Compression socks or stockings are an effective tool to help the leg muscles perform a stronger contraction to pump the blood in the leg veins back up to the heart. Recirculation of this oxygen-poor blood, which filled with waste products from tissue metabolism, is critical to allow the lungs to exchange carbon dioxide for oxygen and for the kidneys to eliminate waste products. The reduction of swelling is also vital to prevent the buildup of elevated tissue pressure, which generates inflammation. Physicians and researchers have determined that these inflammatory proteins are responsible for most problems associated with vein disorders.

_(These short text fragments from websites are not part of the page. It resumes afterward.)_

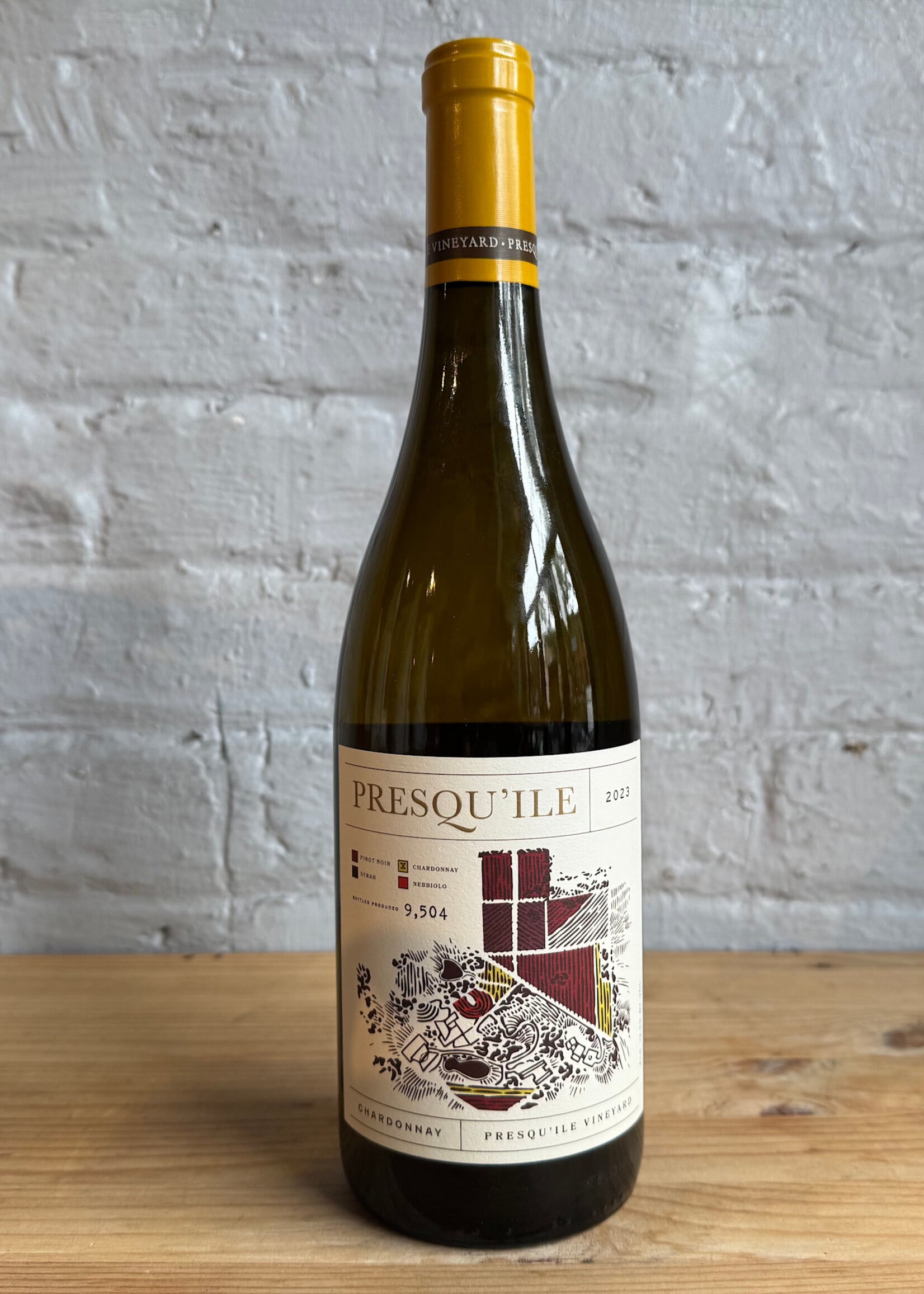 Wine 2023 Presqu'ile Chardonnay Presqu-Ile Vineyard - Santa Maria Valley, Central Coast, CA (750ml)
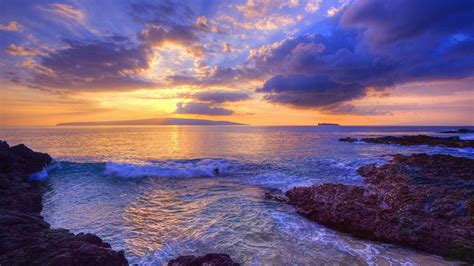 Hawaii Sunset Wallpapers - Top Free Hawaii Sunset Backgrounds ...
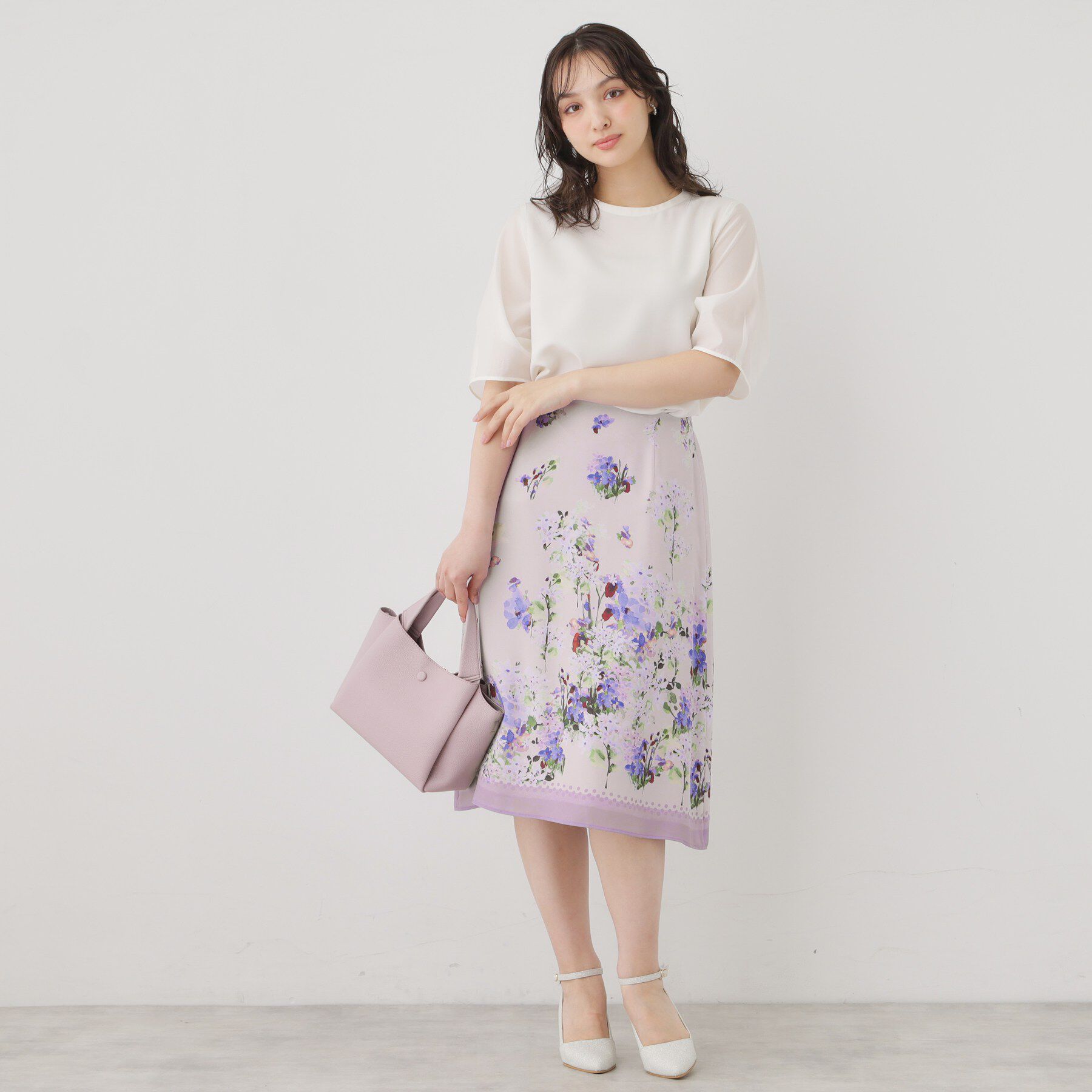 SunaUna「【co creation and yours／SS～L】多色花柄プリントスカート」|スカート|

The hosiery is designed with a built-in gradient to send fluids upwards. This simple action benefits the superficial venous blood and also the deep venous blood movement, which helps prevent deep vein blood clots. It also facilitates the drainage of intercellular fluid by the lymphatic vessels.

Compression Options

The amount of compression needed varies based on the condition being treated. For bed-bound patients, only a light amount of compression is required, usually 8-10 mmHg, because gravity plays a lesser role on bloodflow in the horizontal position. Once someone is sitting or standing, gravity comes into play and there is a need for increased compression. For light everyday use, 10-15 mmHg is recommended. Varicose and spider veins benefit from higher compression of 20-30 mmHg or 30-40 mmHg. Lymphedema patients require even higher compression of 40-50 mmHg.

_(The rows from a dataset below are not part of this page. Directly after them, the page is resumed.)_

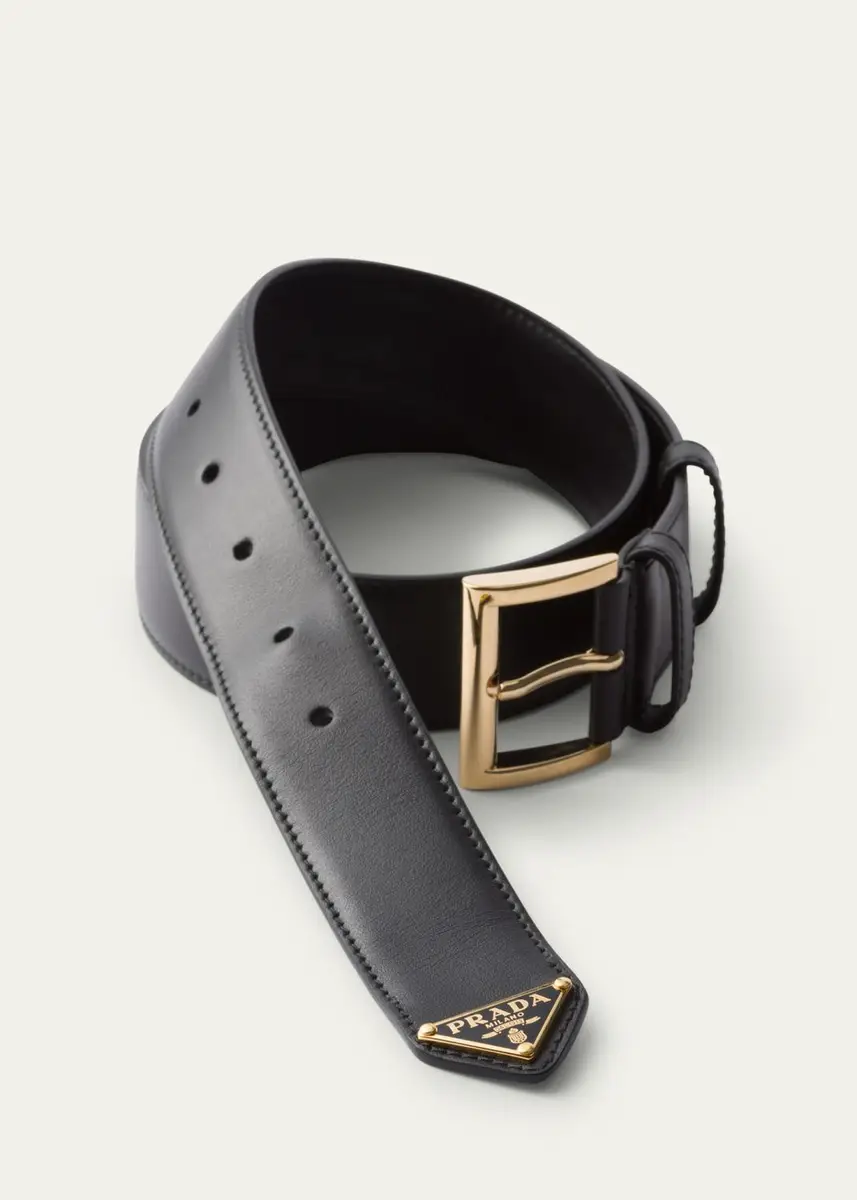 Prada City Calf Leather Belt | Thumbnail 3 Prada City Calf Leather Belt | Thumbnail 3
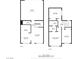 Floorplan illustrates a functional layout with living, kitchen, and bedroom spaces at 6412 Big Pine Way, Las Vegas, NV 89108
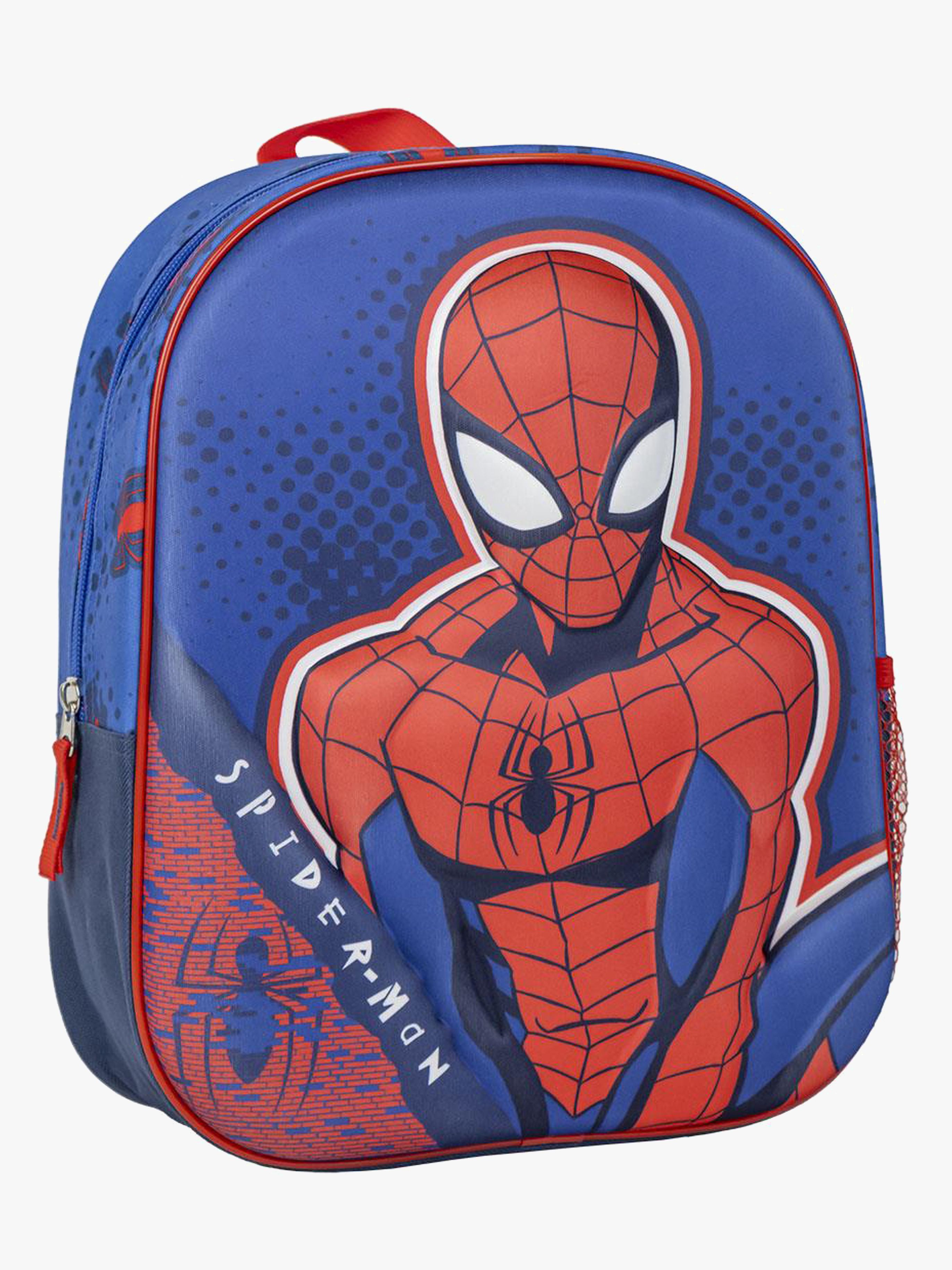 Marvel Spider-Man 3D Kinder Rucksack, Blau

These stockings or socks are fitted according to ankle and calf circumference. Thigh measurements for garments that reach higher are necessary due to large differences in thigh circumference. There are devices to assist in donning the hosiery ranging from rubber gloves to various bracket frames and sleeves. In addition, wraps with Velcro straps or zippers can assist those with physical limitations or venous ulcers. HME providers can help with fitting compression stockings and provide the assistive devices, which present a good opportunity to upsell a cash purchase.

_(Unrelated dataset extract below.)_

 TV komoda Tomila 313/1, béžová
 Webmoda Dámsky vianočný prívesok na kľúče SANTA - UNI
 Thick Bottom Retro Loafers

Compression hosiery can be worn for limited time before and during vein treatment or any time the patient is on their feet or traveling long distances when ambulation is limited. Hosiery feels good due to the additional support it provides and can prevent leg fatigue when someone is standing all day. There are open-toe options that allow sandal wear in warm climates. Providing options should be a priority for HME dealers. One warning, however: If a customer has arterial insufficiency and is experiencing leg cramping when walking, direct them to a physician for proper guidance and treatment.

Dr. Lawrence Presant, DO, is the chief medical officer at Arizona Vein Specialists in Phoenix, Arizona. He is a doctor of osteopathic medicine and a certified diplomat of the American Board of Venous and Lymphatic Medicine.